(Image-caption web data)
....

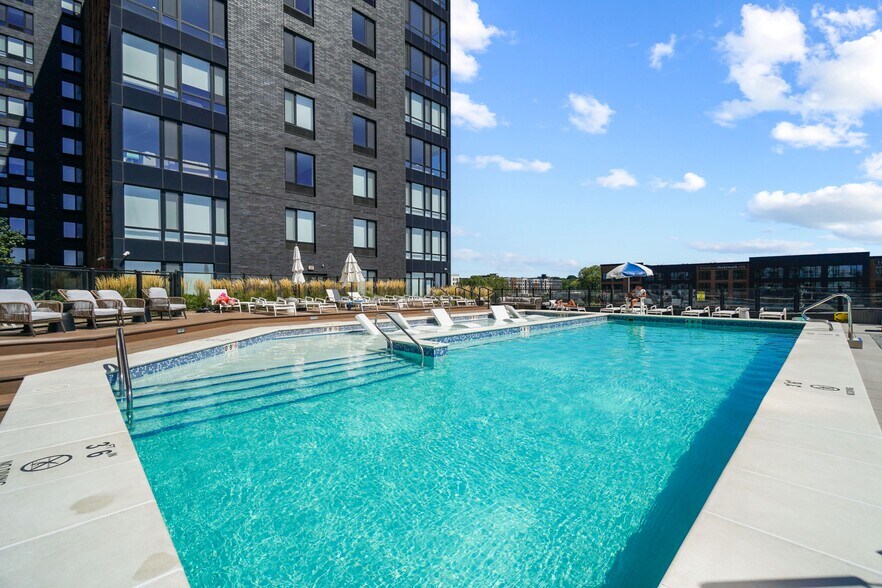 More Photos Of 150 Main St, Hackensack Apartments For Lease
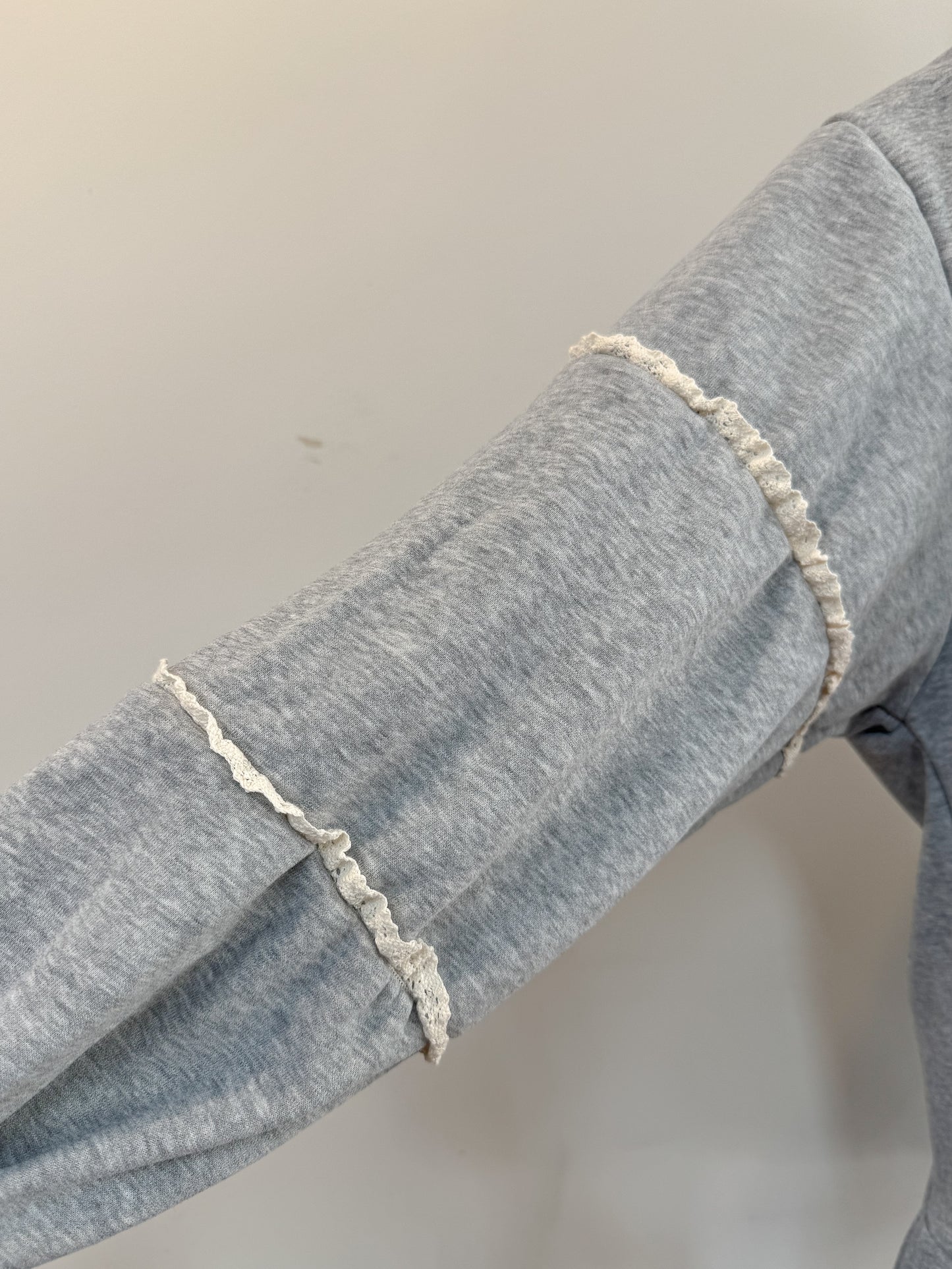 【Official限定価格】裏起毛フリルスエットパーカーワンピ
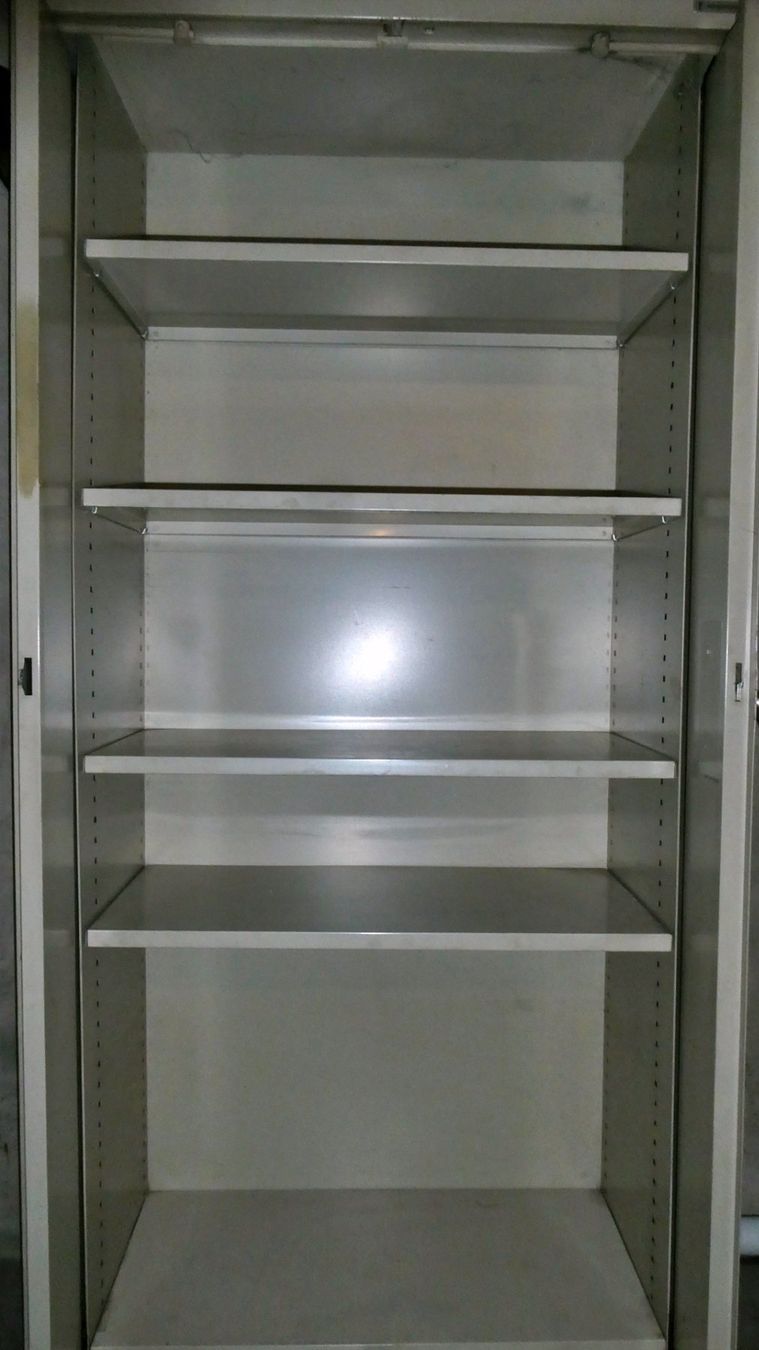 Armadi: Metallschrank GRATIS – Difettoso da Rubigen venduto da OPERNFREUND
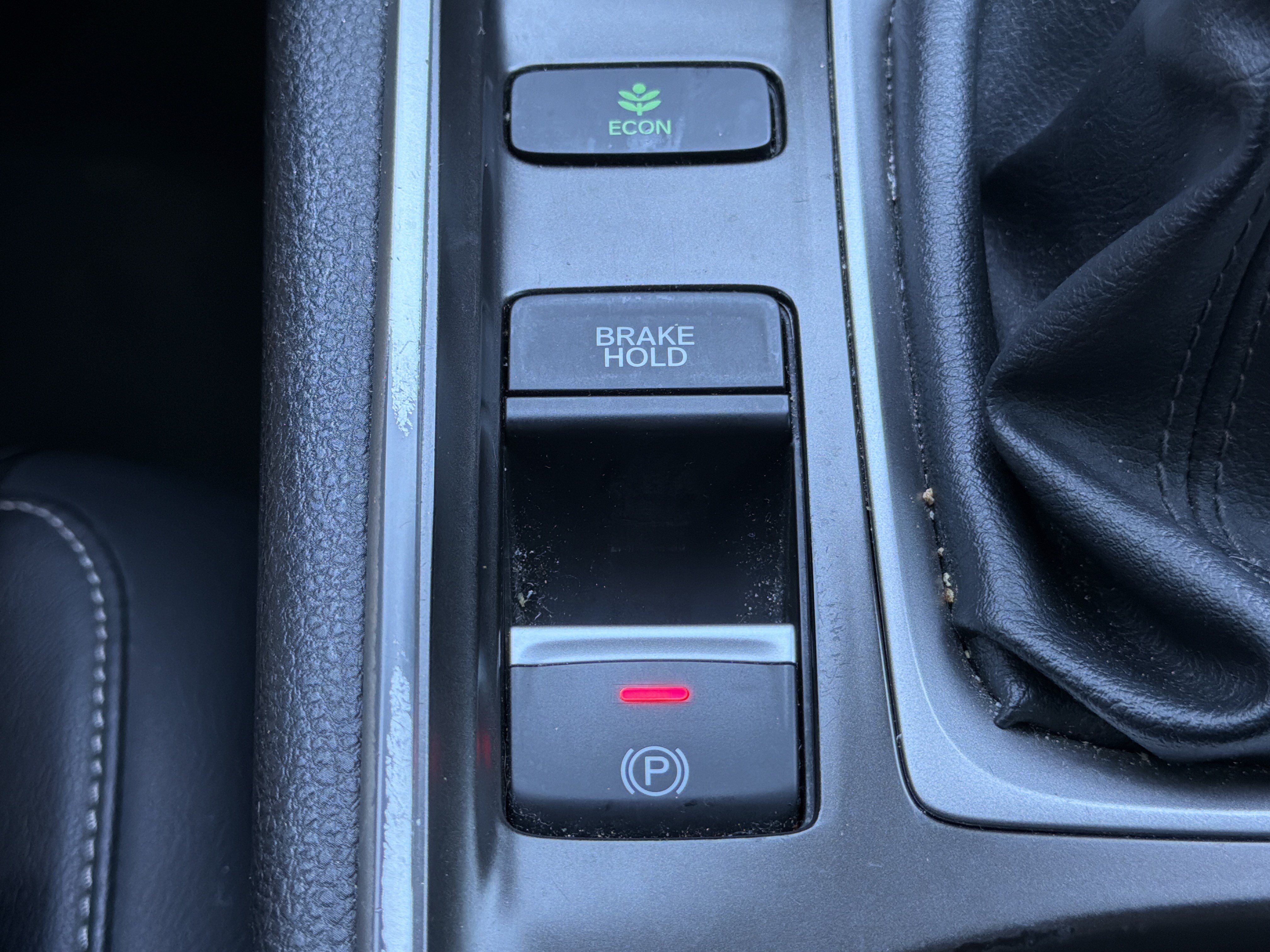 Used 2018 Honda Accord Sport image 8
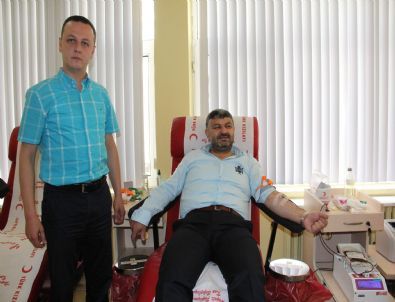 Doğum Gününde, 51. Kan Bağışında Bulundu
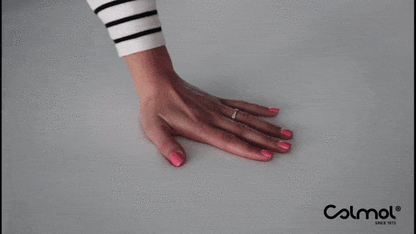 gif-mao-tocar-sobre-colchao-viscoelastica-colmol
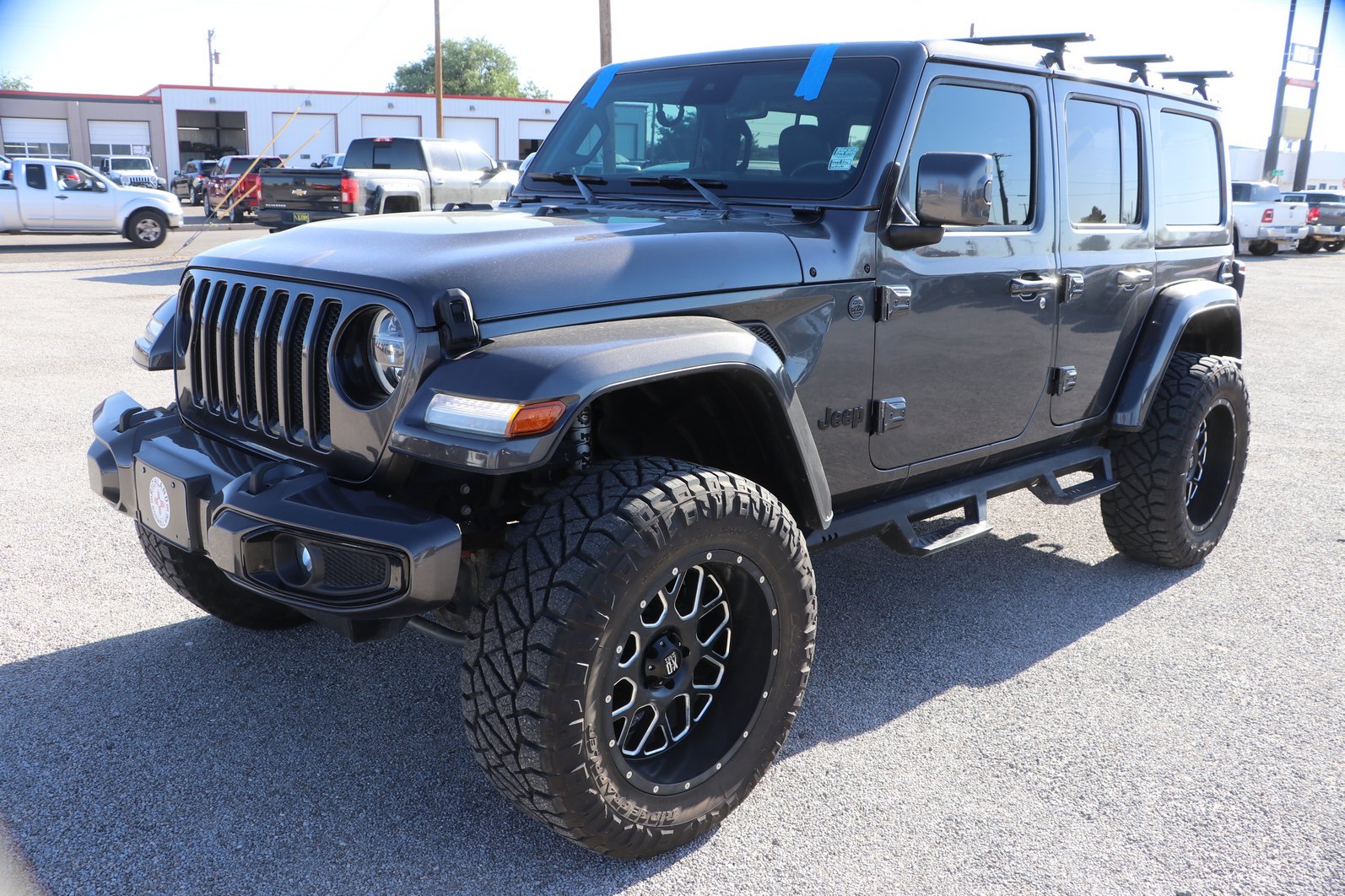 Used 2020 Jeep Wrangler Unlimited Sahara AWD/4WD image 3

....

Problem to work on:
Please leave out the pictures while you copy exactly the lines from the one containing "gif-mao-tocar-sobre-colchao-viscoelastica-colmol" through the end of the records.

Exercise result:
 gif-mao-tocar-sobre-colchao-viscoelastica-colmol
 Used 2020 Jeep Wrangler Unlimited Sahara AWD/4WD image 3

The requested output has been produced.